**AIM OF THE TASK**
Leaving all pictures out, output exactly and only the line containing "Muscle Milk Genuine" and the lines that follow it to the end of the material below.

**RECORDED DATA**
________________________

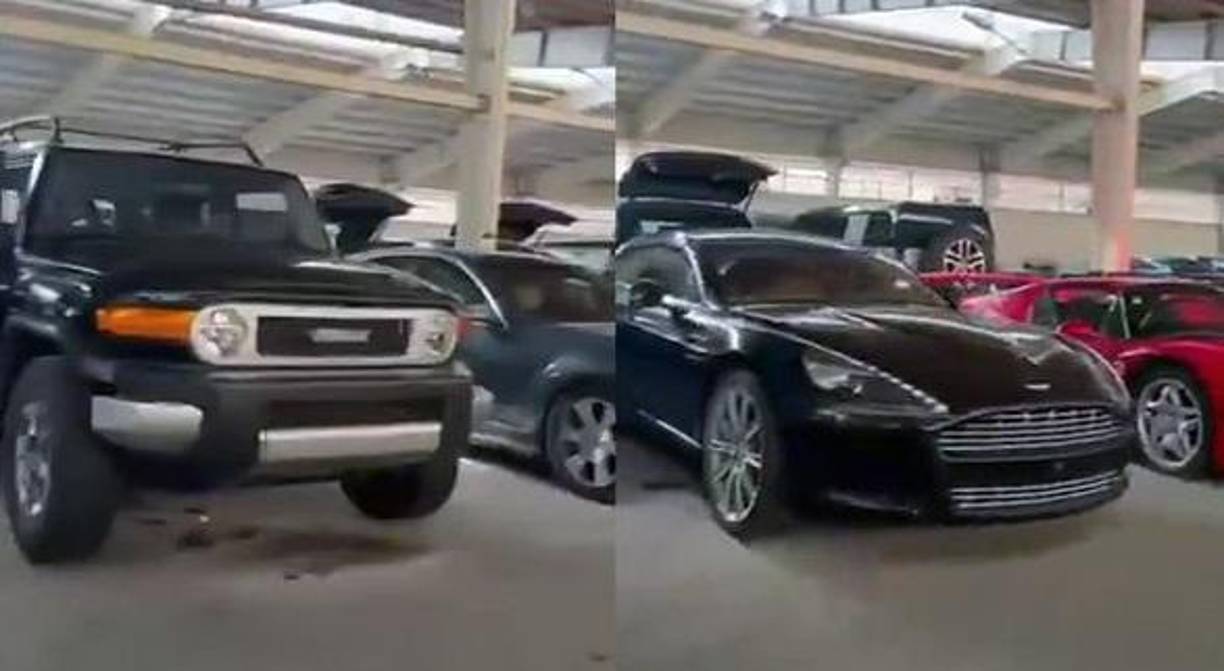 En las imágenes se observan un Lamborghini, Rolls Royce blindados, Ferraris y un Bentley, entre otros.
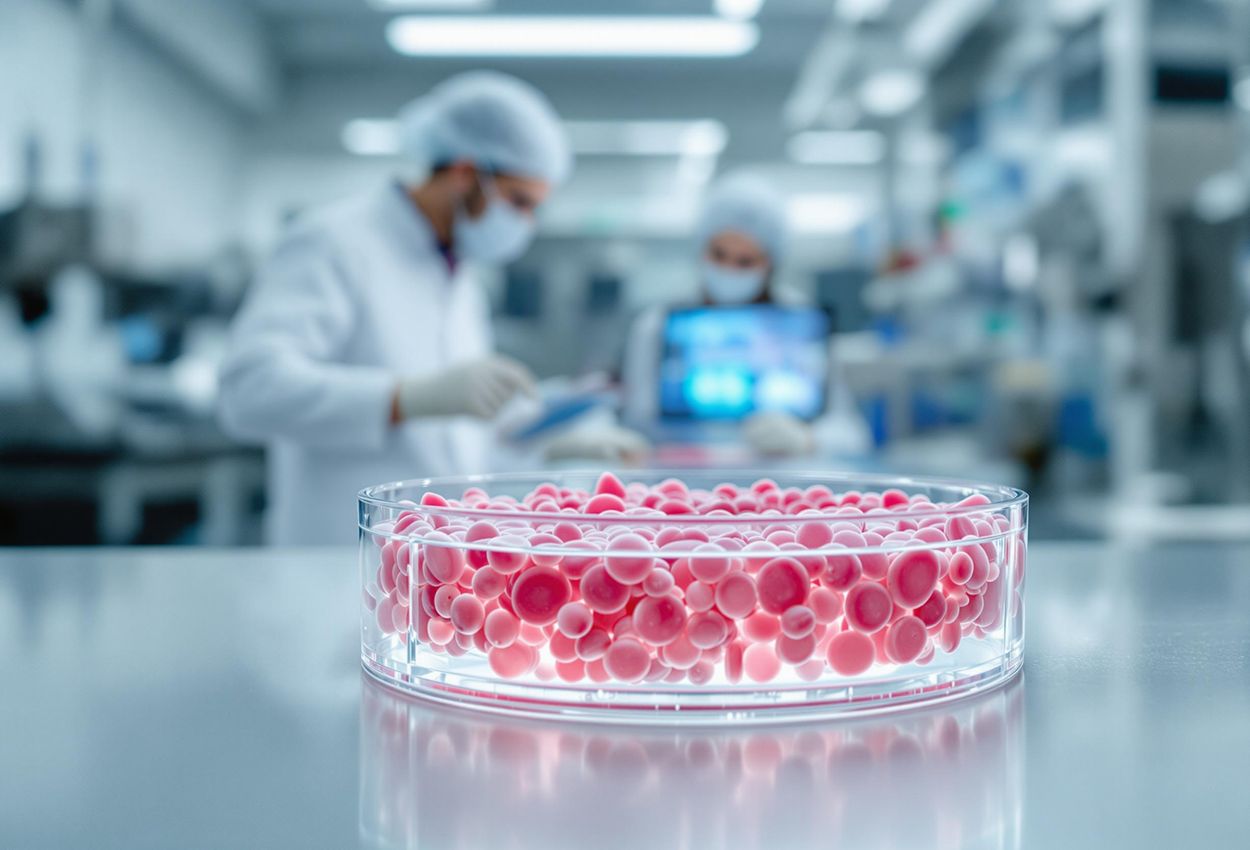 Lab-Grown Meat Cultivation: A Sustainable Future A close-up photograph of lab-grown meat cells being cultivated in a sterile laboratory, showcasing the potential of sustainable meat production.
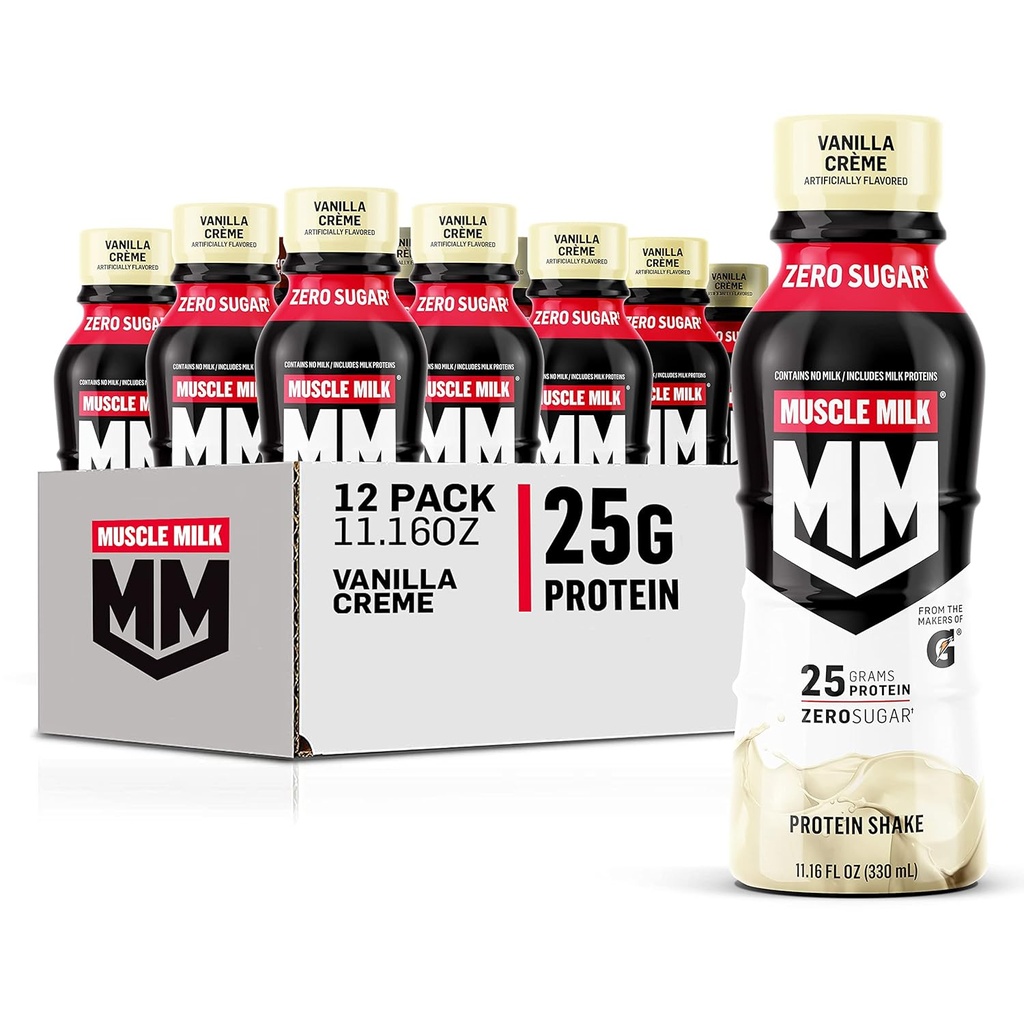 Muscle Milk Genuine Shake, Vanilla Creme, 11.16 Fl Oz Bottle, 12 Pack, 25g Protein, Zero Sugar, Calcium, Vitamin A, C & D, 5g Fiber, Energizing Snack, Recout, Packaging May Vary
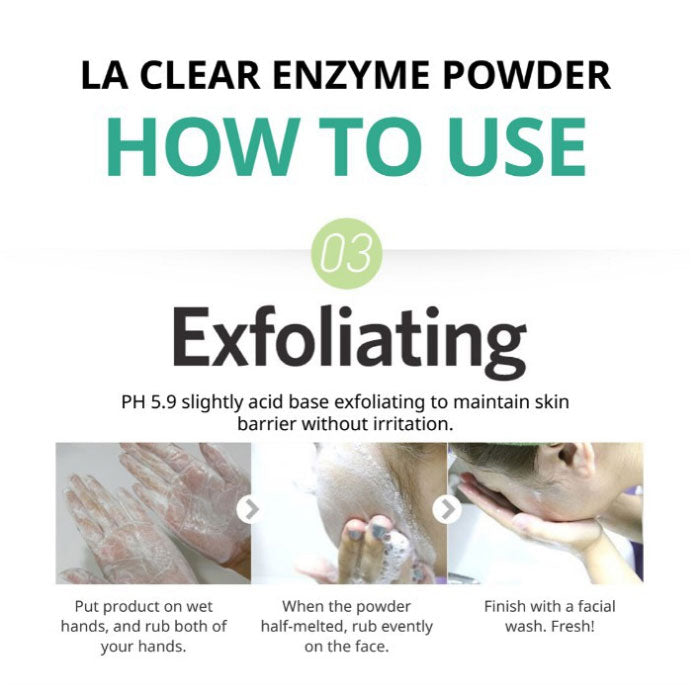 LA CLEAR - PURE MILD ENZYME POWDER FACIAL WASH CLEANSER -70gr - LVS SHOP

________________________

**OUTPUT BELOW**
 Muscle Milk Genuine Shake, Vanilla Creme, 11.16 Fl Oz Bottle, 12 Pack, 25g Protein, Zero Sugar, Calcium, Vitamin A, C & D, 5g Fiber, Energizing Snack, Recout, Packaging May Vary
 LA CLEAR - PURE MILD ENZYME POWDER FACIAL WASH CLEANSER -70gr - LVS SHOP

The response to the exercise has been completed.